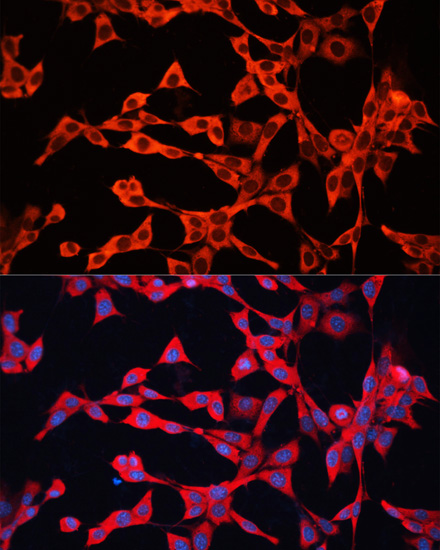 NIH/3T3 cell; 4% Paraformaldehyde-fixed; Triton X-100 at room temperature for 20 min; Blocking buffer (normal goat serum, C-0005) at 37°C for 20 min; Antibody incubation with (GDI2) polyclonal Antibody, Unconjugated (bs-55083R) 1:100, 90 minutes at 37°C; followed by a conjugated Goat Anti-Rabbit IgG antibody at 37°C for 90 minutes, DAPI (blue, C02-04002) was used to stain the cell nuclei.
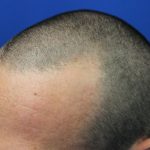 Hair Restoration Before & After Patient #5697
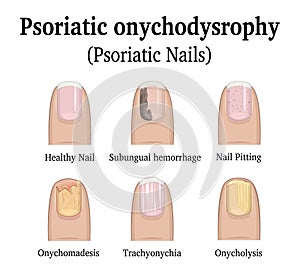 Types of nail psoriasis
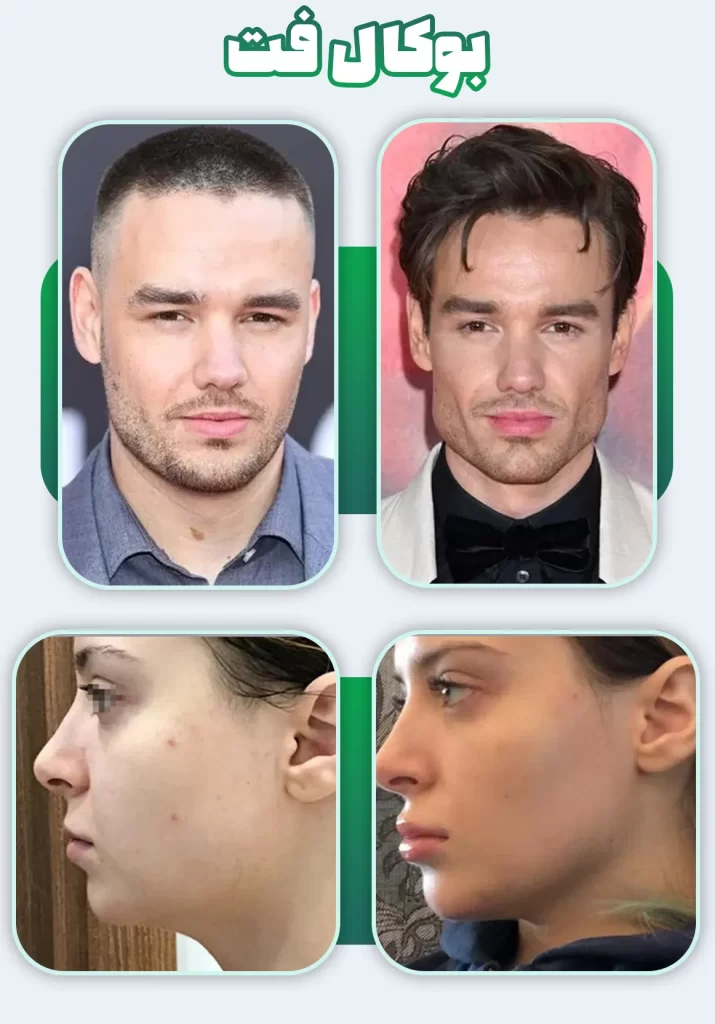 بوکال فت قبل بعد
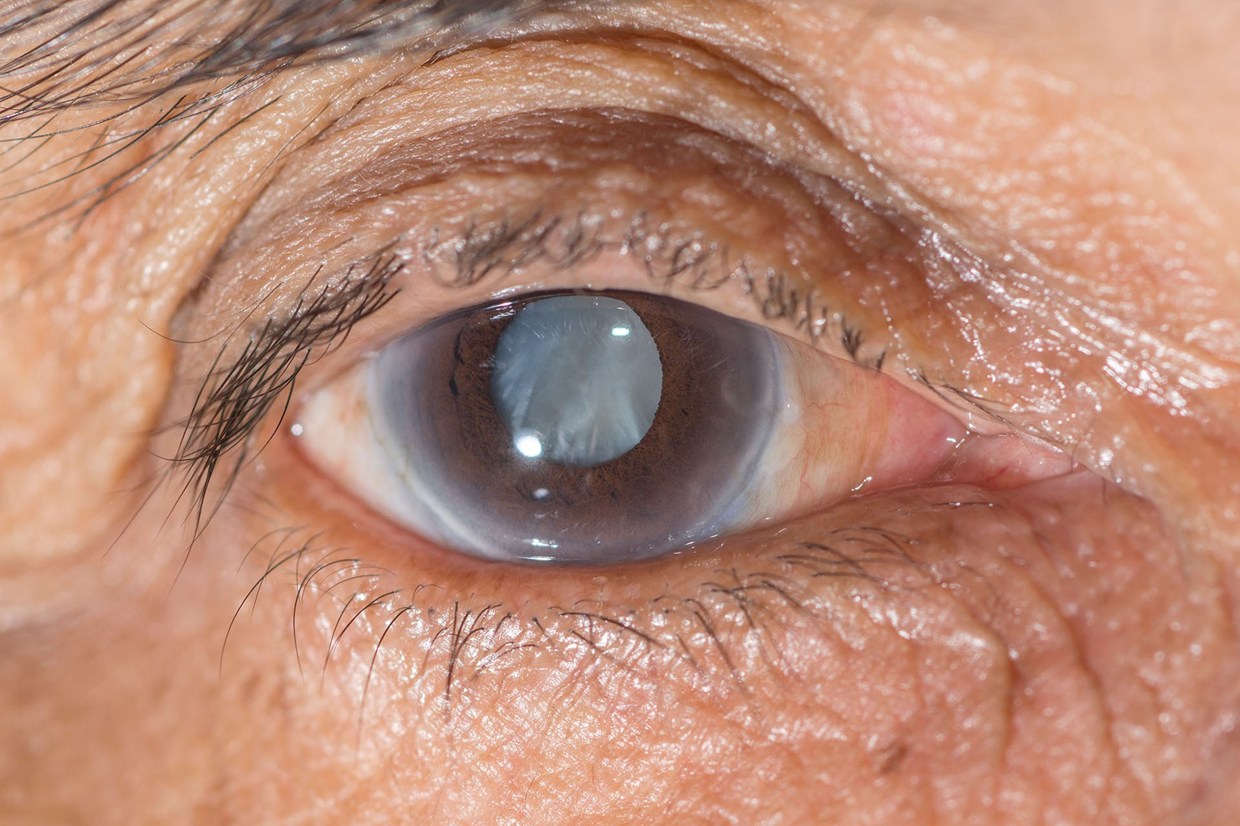 лечение глаукомы с помощью лазера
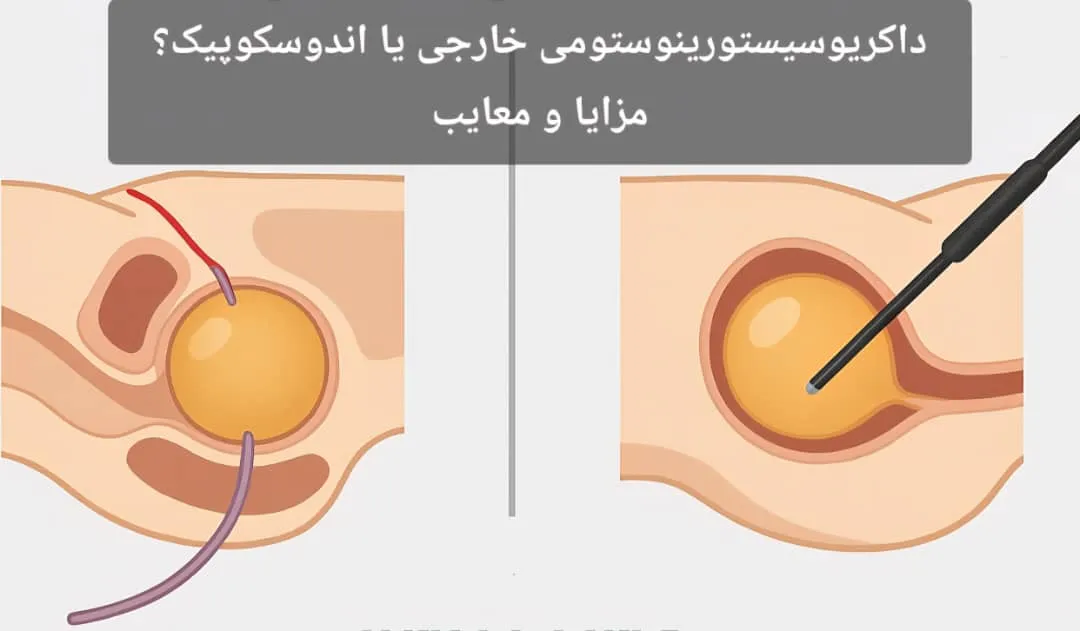 داكریوسیستورینوستومی خارجی یا اندوسکوپیک؟ مزایا و معایب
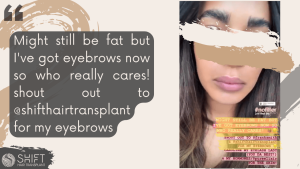 Afro Eyebrow Transplant Review with SHIFT Hair in Turkey 01 3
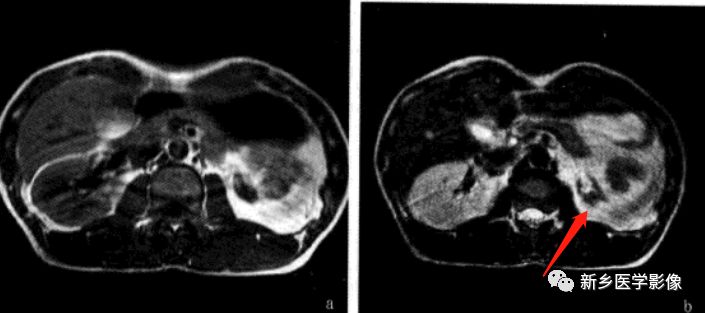 肾脏形态变异怎么办,肾脏疾病鉴别五项意义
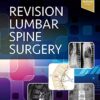 Revision Lumbar Spine Surgery E-Book 1st Edition PDF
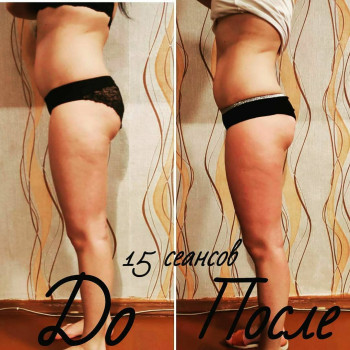 Дмитрий Заржицкий, Черкассы Фото - 10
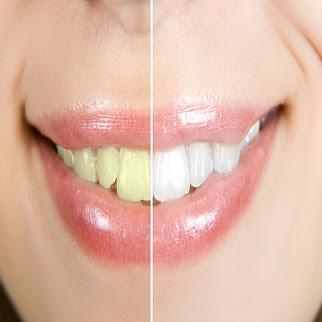 Teeth Whitening Mamaroneck - New York Other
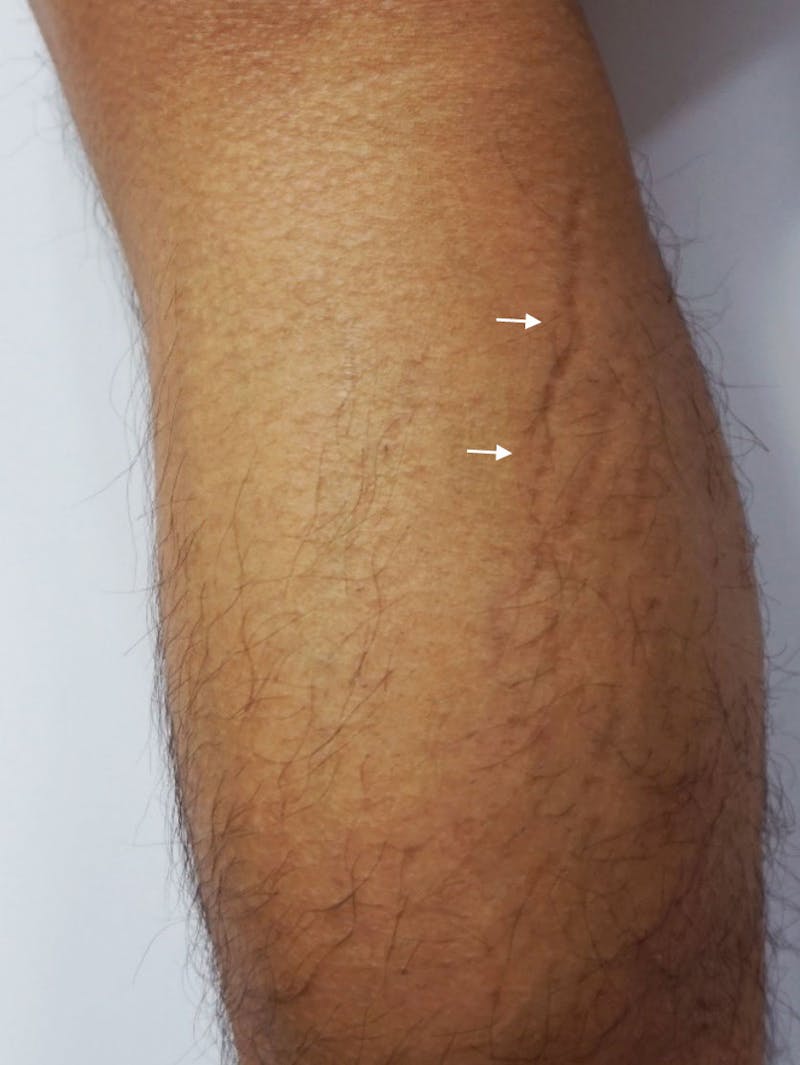 SylfirmX Microneedling Before & After Gallery - Patient 332834 - Image 1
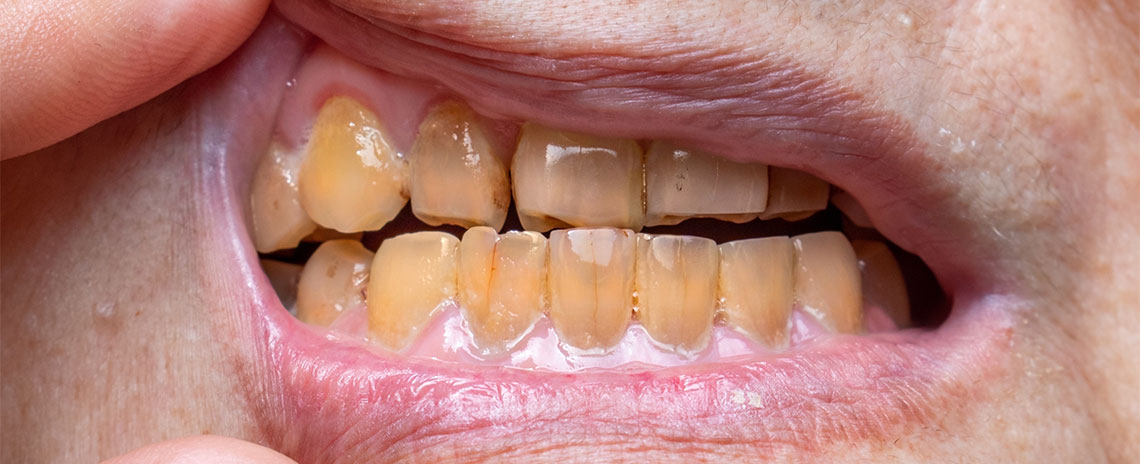 Tobacco Dangerous To Oral Health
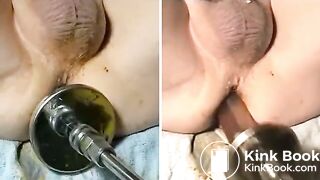 Dildo Machine Scat Fucking Again!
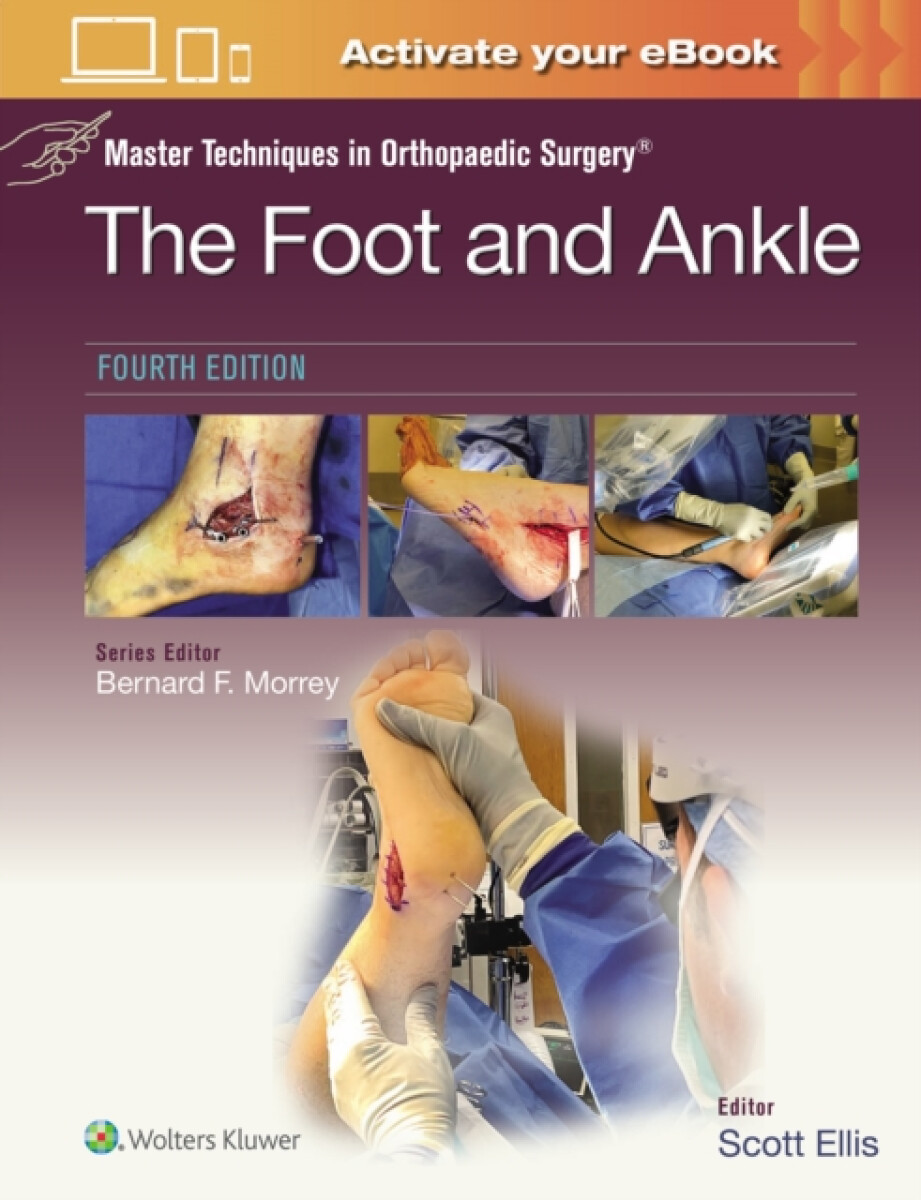 Kniha Master Techniques in Orthopaedic Surgery: The Foot and Ankle: Print + eBook with Multimedia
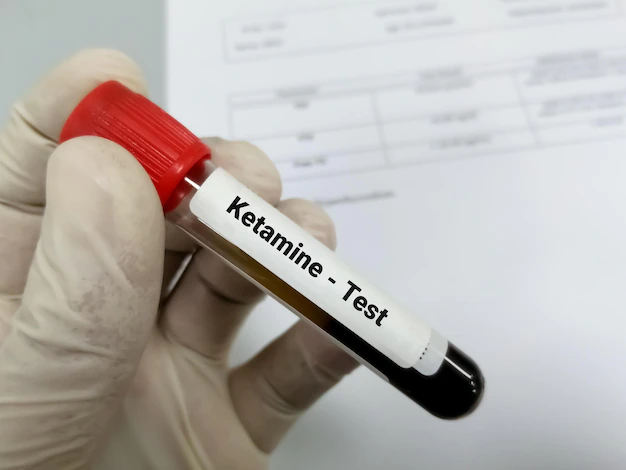 How important is set and setting when doing Ketamine treatments at home from the OnlineKetamineClinic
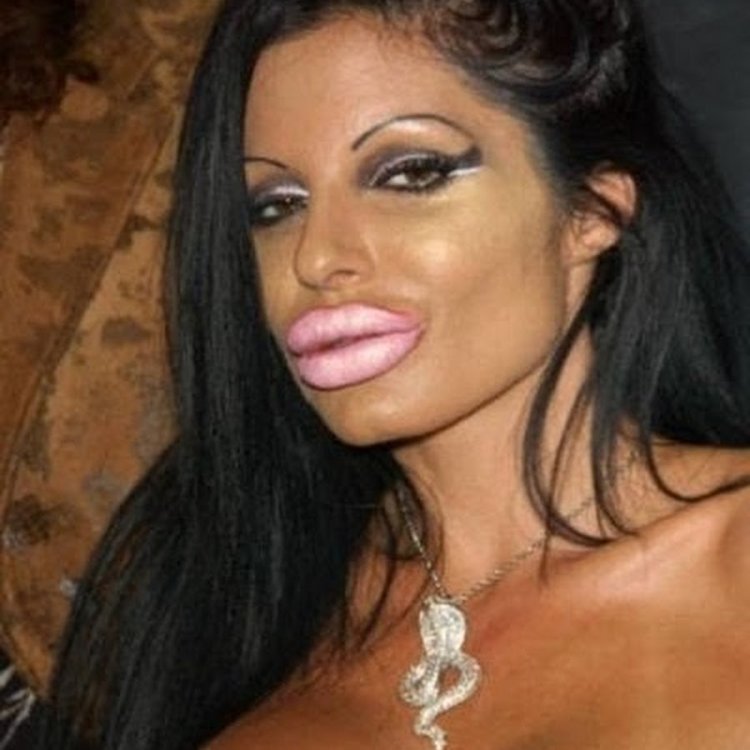 Девушка с перекаченными губами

§ **BRIEF**: Return the full set of lines above word for word and with no pictures.

§ **EXPECTED ANSWER**:
 NIH/3T3 cell; 4% Paraformaldehyde-fixed; Triton X-100 at room temperature for 20 min; Blocking buffer (normal goat serum, C-0005) at 37°C for 20 min; Antibody incubation with (GDI2) polyclonal Antibody, Unconjugated (bs-55083R) 1:100, 90 minutes at 37°C; followed by a conjugated Goat Anti-Rabbit IgG antibody at 37°C for 90 minutes, DAPI (blue, C02-04002) was used to stain the cell nuclei.
 Hair Restoration Before & After Patient #5697
 Types of nail psoriasis
 بوکال فت قبل بعد
 лечение глаукомы с помощью лазера
 داكریوسیستورینوستومی خارجی یا اندوسکوپیک؟ مزایا و معایب
 Afro Eyebrow Transplant Review with SHIFT Hair in Turkey 01 3
 肾脏形态变异怎么办,肾脏疾病鉴别五项意义
 Revision Lumbar Spine Surgery E-Book 1st Edition PDF
 Дмитрий Заржицкий, Черкассы Фото - 10
 Teeth Whitening Mamaroneck - New York Other
 SylfirmX Microneedling Before & After Gallery - Patient 332834 - Image 1
 Tobacco Dangerous To Oral Health
 Dildo Machine Scat Fucking Again!
 Kniha Master Techniques in Orthopaedic Surgery: The Foot and Ankle: Print + eBook with Multimedia
 How important is set and setting when doing Ketamine treatments at home from the OnlineKetamineClinic
 Девушка с перекаченными губами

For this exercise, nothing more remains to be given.